*PROBLEM DETAILS*: Transcribe every entry that follows, word for word, and omit the images.

*WORKING DATA*:

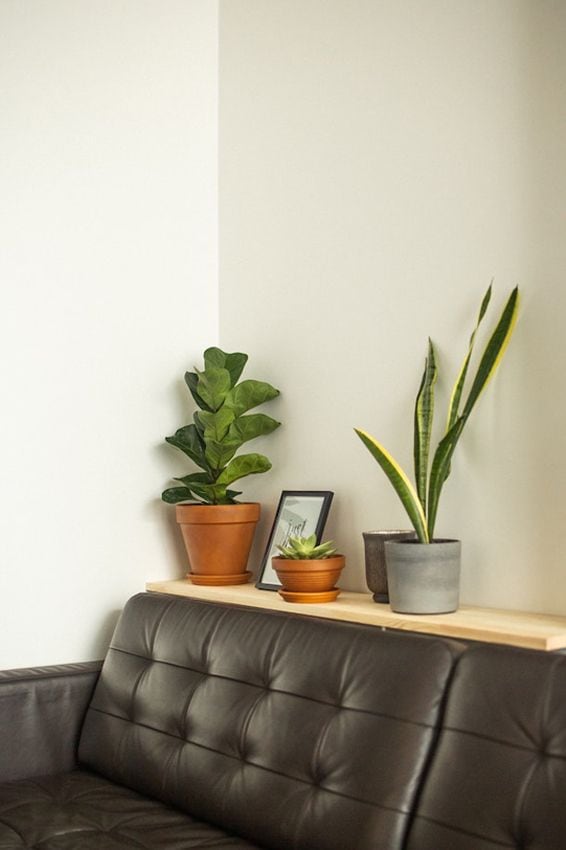 Sansevieria trifasciata cuidados 05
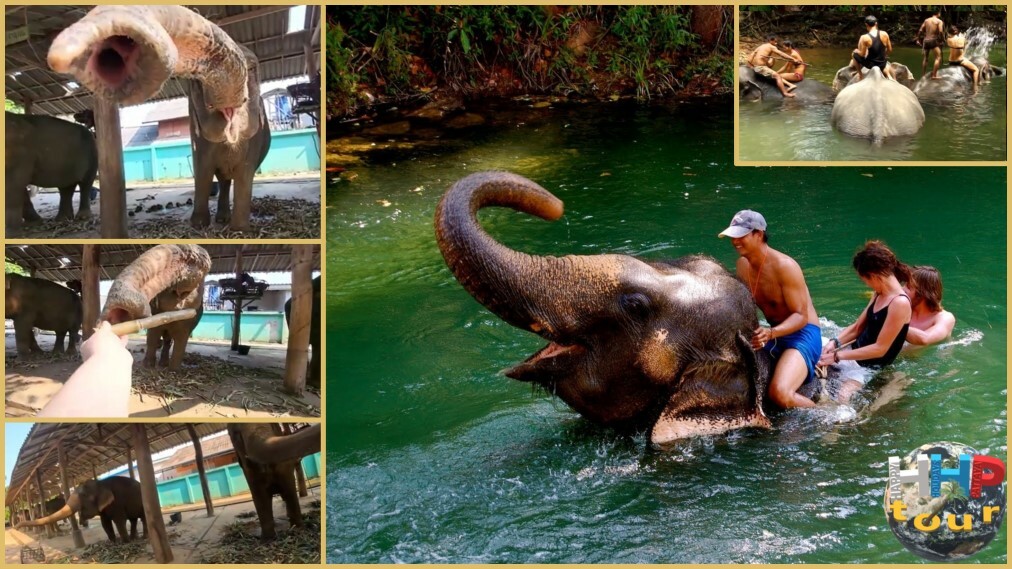 Экскурсия Ко Чанг ВИП. Кормление слонов и купание.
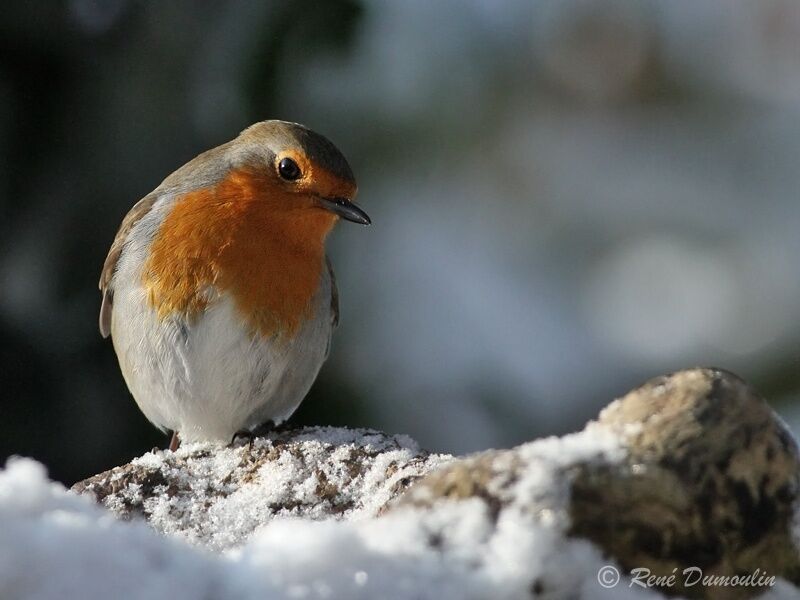 European Robinadult, identification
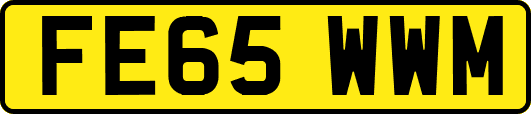 FE65WWM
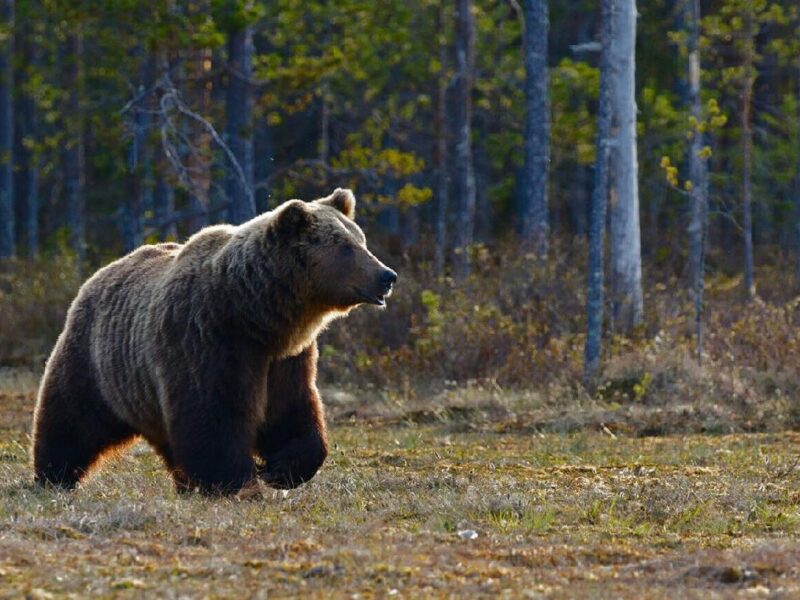 alerta avistamiento oso en zirimbo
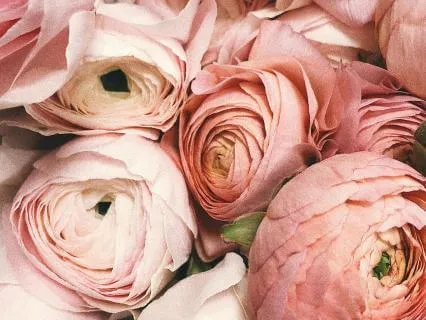 Fear Or Intuition? Learning To Trust Your Inner Yes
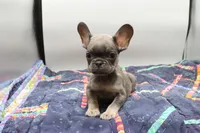 processed/2dc0438c-3b69-442b-a7fd-f398438cf265/listing/466ca0cf-a734-4b4e-9a09-02b91704ae98/c4285163-3ffa-4ea7-88e6-8228ef0b28ff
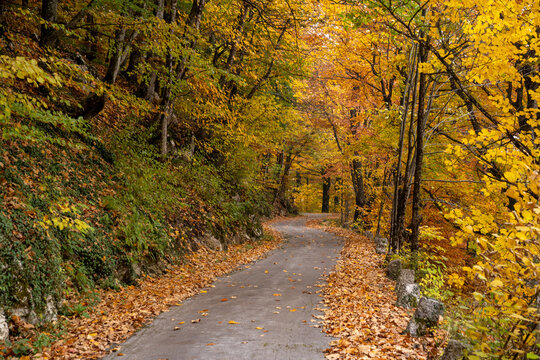 narrow winding road leads through scenic and vibrant colorful autumn forest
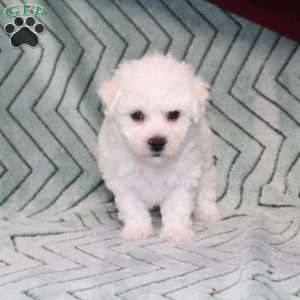 Doves, Bichon Frise Puppy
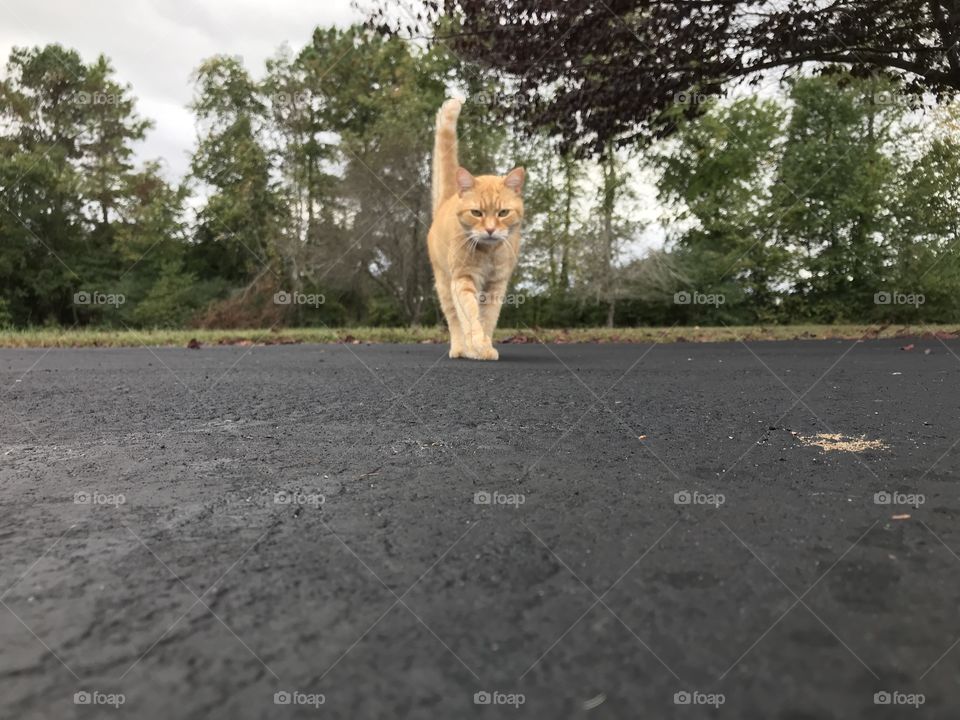 Cat approach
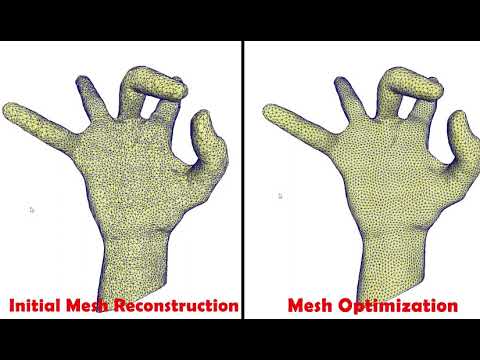 Mesh Reconstruction Result Demo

*REPLY*:
 Sansevieria trifasciata cuidados 05
 Экскурсия Ко Чанг ВИП. Кормление слонов и купание.
 European Robinadult, identification
 FE65WWM
 alerta avistamiento oso en zirimbo
 Fear Or Intuition? Learning To Trust Your Inner Yes
 processed/2dc0438c-3b69-442b-a7fd-f398438cf265/listing/466ca0cf-a734-4b4e-9a09-02b91704ae98/c4285163-3ffa-4ea7-88e6-8228ef0b28ff
 narrow winding road leads through scenic and vibrant colorful autumn forest
 Doves, Bichon Frise Puppy
 Cat approach
 Mesh Reconstruction Result Demo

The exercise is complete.